GIVEN RECORDS –

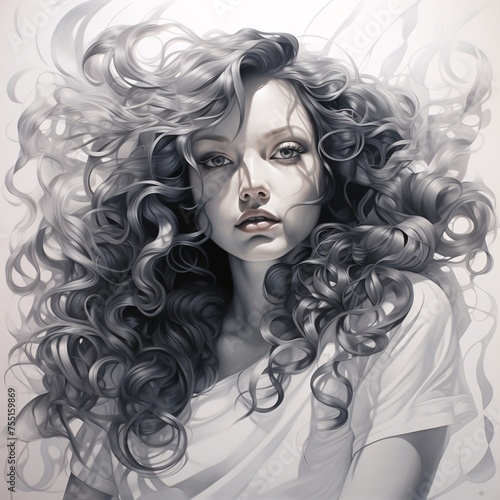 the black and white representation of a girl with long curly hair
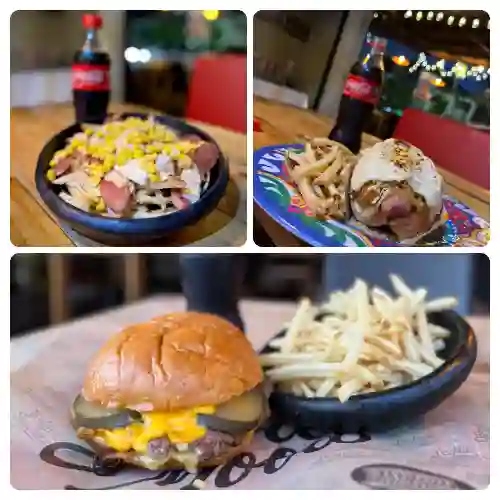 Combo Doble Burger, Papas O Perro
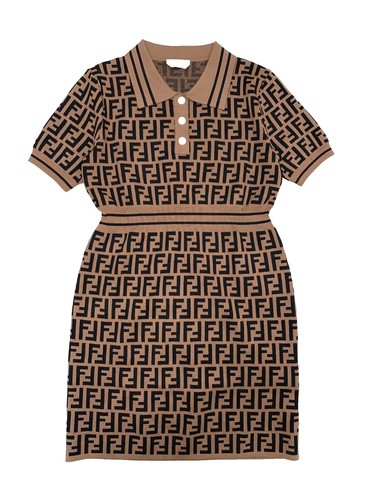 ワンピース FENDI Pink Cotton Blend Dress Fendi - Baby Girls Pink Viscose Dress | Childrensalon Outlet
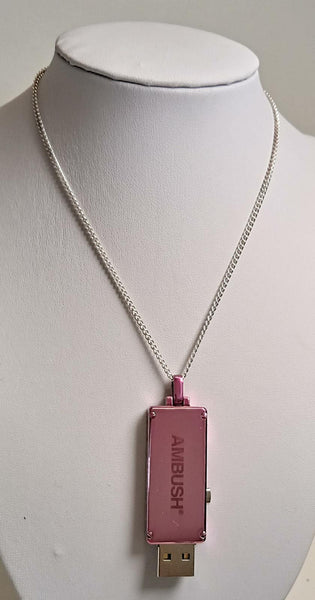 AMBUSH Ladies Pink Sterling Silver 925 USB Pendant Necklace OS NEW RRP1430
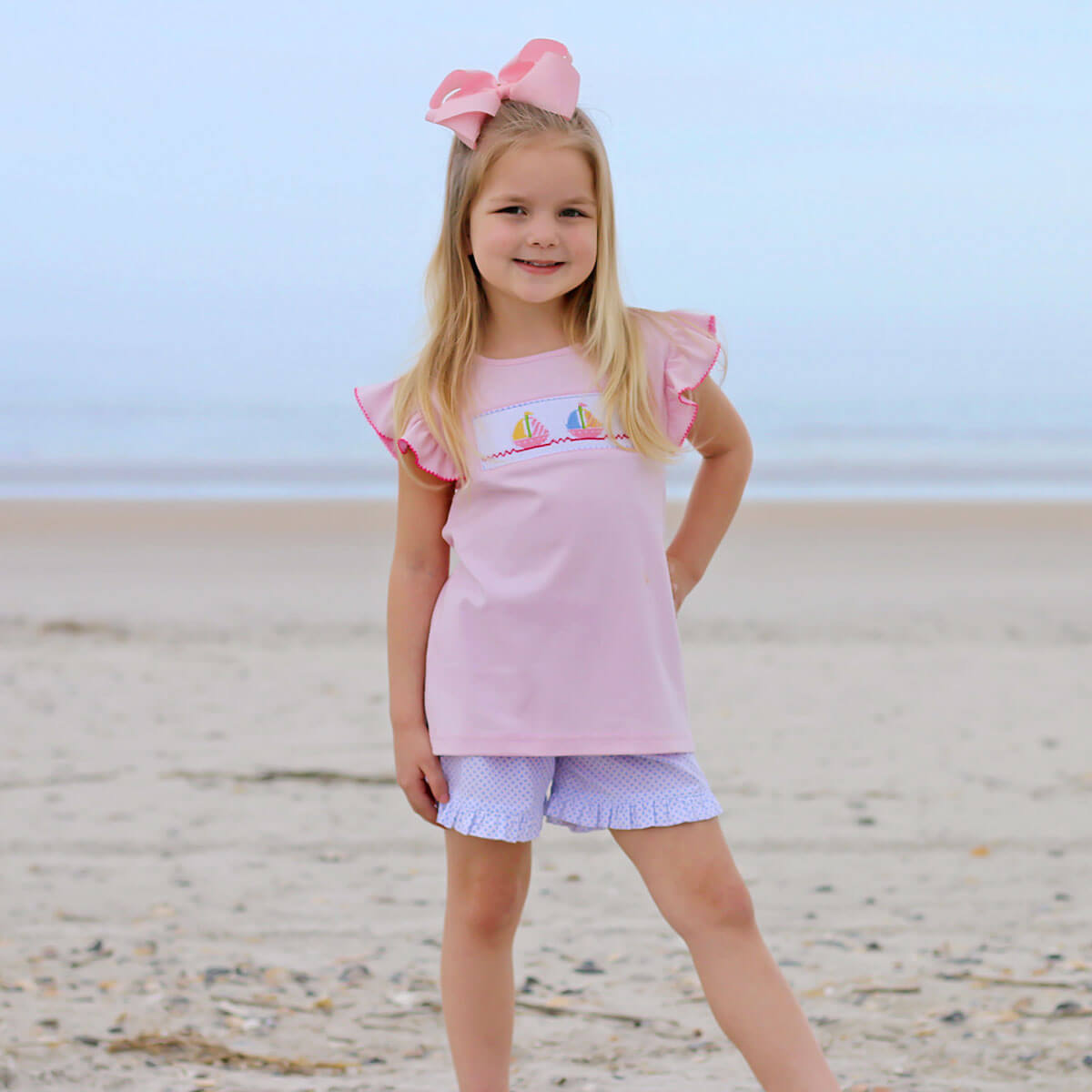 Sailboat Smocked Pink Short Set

---

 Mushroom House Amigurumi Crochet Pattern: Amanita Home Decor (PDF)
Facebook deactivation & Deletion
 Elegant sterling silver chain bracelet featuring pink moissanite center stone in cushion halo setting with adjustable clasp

WHAT THE TASK ASKS –
Would you give again, exactly, the lines in the data above that run from the line containing "the black and" to the line containing "Sailboat Smocked Pink Short Set"? Include both ends and no pictures.

REPLY –
 the black and white representation of a girl with long curly hair
 Combo Doble Burger, Papas O Perro
 ワンピース FENDI Pink Cotton Blend Dress Fendi - Baby Girls Pink Viscose Dress | Childrensalon Outlet
 AMBUSH Ladies Pink Sterling Silver 925 USB Pendant Necklace OS NEW RRP1430
 Sailboat Smocked Pink Short Set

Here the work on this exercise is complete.